* _Assigned task_
Everything in the data gets repeated exactly, except for the pictures.

* _Recorded data_
+++
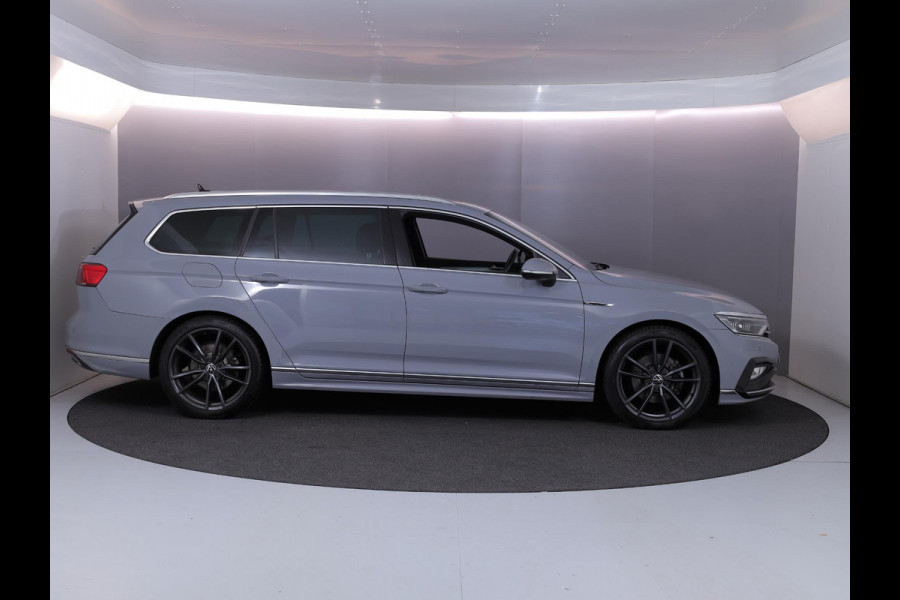 Volkswagen Passat Variant 1.5 TSI R-Line Business + 150pk DSG| Pano-dak| Luxe lederen interieur| Matrix LED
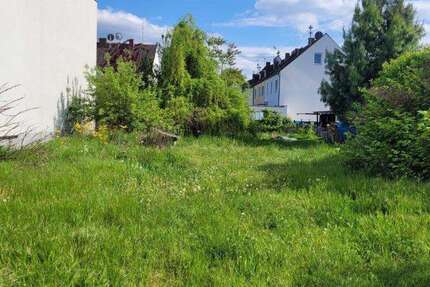 Grundstück zu verkaufen in Augsburg 439.200 € 549 m²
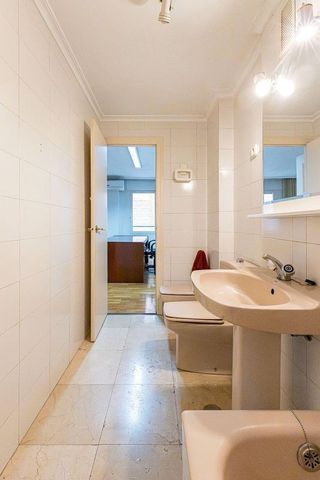 Oficina en alquiler en Centro en Murcia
+++
* _Output for this exercise_
 Volkswagen Passat Variant 1.5 TSI R-Line Business + 150pk DSG| Pano-dak| Luxe lederen interieur| Matrix LED
 Grundstück zu verkaufen in Augsburg 439.200 € 549 m²
 Oficina en alquiler en Centro en Murcia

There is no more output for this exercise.